In 2000, Christina Gutierrez purchased a new double-wide Redman manufactured home with her then-boyfriend David Baros and his mother, Bernice. The home was installed at the Sierra Vista mobile home park on Zepol Road, a tidy neighborhood where many mobile homes have handmade “for sale” signs in the windows.
According to court documents, the home itself cost $61,600. Green Tree’s finance charge was more than double that amount: $128,700. That’s a nearly 10.72 percent annual interest rate. “It’s obviously high,” Loftin says. “People originating subprime loans don’t inform the borrower, ‘You could pay half the interest rate.’”
The buyers put $7,500 cash down and agreed to make 360 monthly payments of $509, plus property insurance, also from Green Tree.
Four years later, with $116 to her name and thousands in credit card and other debts, Gutierrez filed for bankruptcy.
At the time, she took home $1,600 a month working at what is now CHRISTUS St. Vincent Regional Medical Center, and the monthly home payment was by far her biggest single expense. Gutierrez could not be reached for comment.
Bankruptcy documents show Gutierrez surrendered her equity in the home. Nevertheless, Green Tree named her in its April 2009 lawsuit against the Baros family when they failed to make payments. As of April, they were $1,600 behind in payments on the mobile home. They still owed Green Tree more than $60,000—meaning they’d already paid more than the value of the home. David Baros, a trucker, lost his livelihood when his semi broke down, his mother tells SFR.
“My son was really trying. It really hurt him to lose his mobile home. That was his home; that was his independence. It was all he had,” Bernice Baros says.
In late July, 1st Judicial District Judge Daniel Sanchez issued a default judgment in favor of Green Tree, along with an order authorizing the company to reclaim the home.
Daniel E Duncan, the Utah-based attorney representing Green Tree in the case, told SFR his success rate in such cases was good, then demanded not to be quoted.
Such massive finance charges on mobile homes are typical, as several other local cases confirm.
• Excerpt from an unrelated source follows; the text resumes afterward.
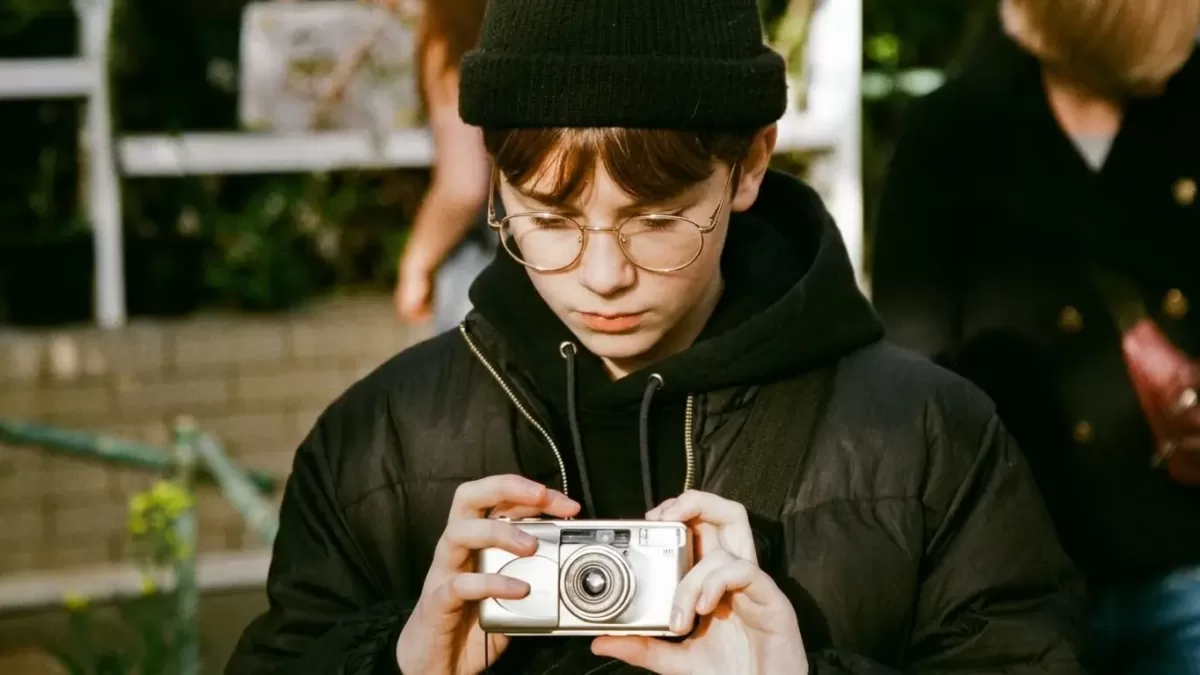 Best Compact Cameras with a Viewfinder: 2026 Top Picks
Bernice Baros says another family member was “harassed” by Green Tree for two years after trying to get out of a mobile home contract. Green Tree charged one Santa Fe woman $19,600 in finance charges on an $18,700 mobile home loan; it charged another $87,400 in finance charges on a $41,800 loan.
“I see people paying on mobile homes where the resale value is 10 grand and they’re paying these outrageous amounts of money,” Schneider says.
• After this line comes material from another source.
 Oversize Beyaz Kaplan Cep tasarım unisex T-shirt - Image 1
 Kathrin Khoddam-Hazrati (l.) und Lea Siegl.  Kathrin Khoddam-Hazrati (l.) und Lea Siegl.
Furthermore, mobile home owners rarely own the land on which their homes sit.
“When you consider the payment on the house, plus the space rent, it’s a lot of money for what you’re getting,” Turetsky says.
Green Tree counsel Corey says it’s “off base” to suggest his company charges people exorbitant rates for low-value property.
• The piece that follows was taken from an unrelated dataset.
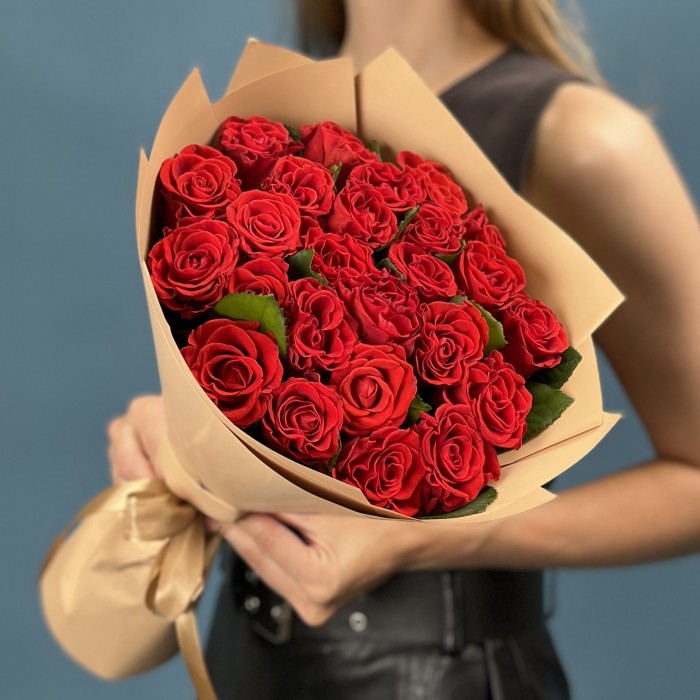 25 красных роз Эль Торо 40 см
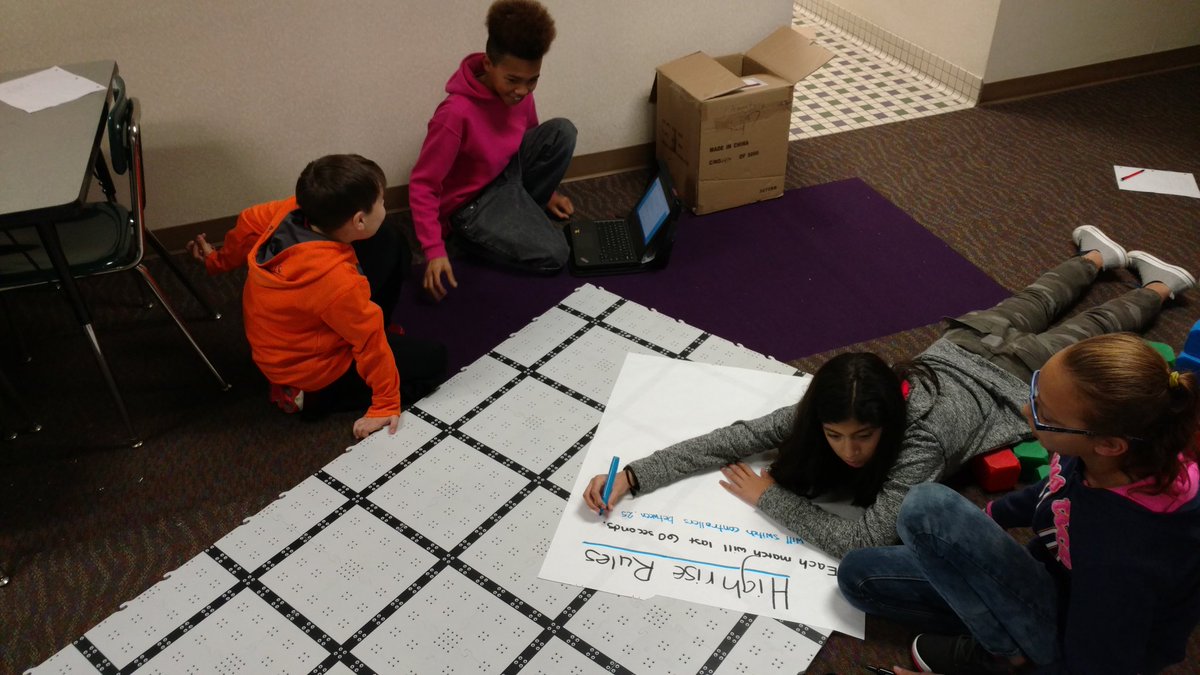 Gilliam2009's tweet photo. #sferobotics designing and planning their own Stargram event for 3rd and 4th graders #leaders @SFE_3820 @CochranM90 @MsSchulz2 https://t.co/X1Rg8VlKpi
According to the Treasury Department, Green Tree offered to renegotiate the terms of 4 percent of its eligible loan portfolio through the mortgage modification program. Corey says mobile home loans aren’t eligible unless the borrower also owns the land. Which means Santa Fe’s approximately 2,500 trailer park residents aren’t about to get a break, even as the feds shovel millions of dollars at their creditors.
“It shouldn’t just be for certain people,” Baros says of the government plan. “It should be for everybody.”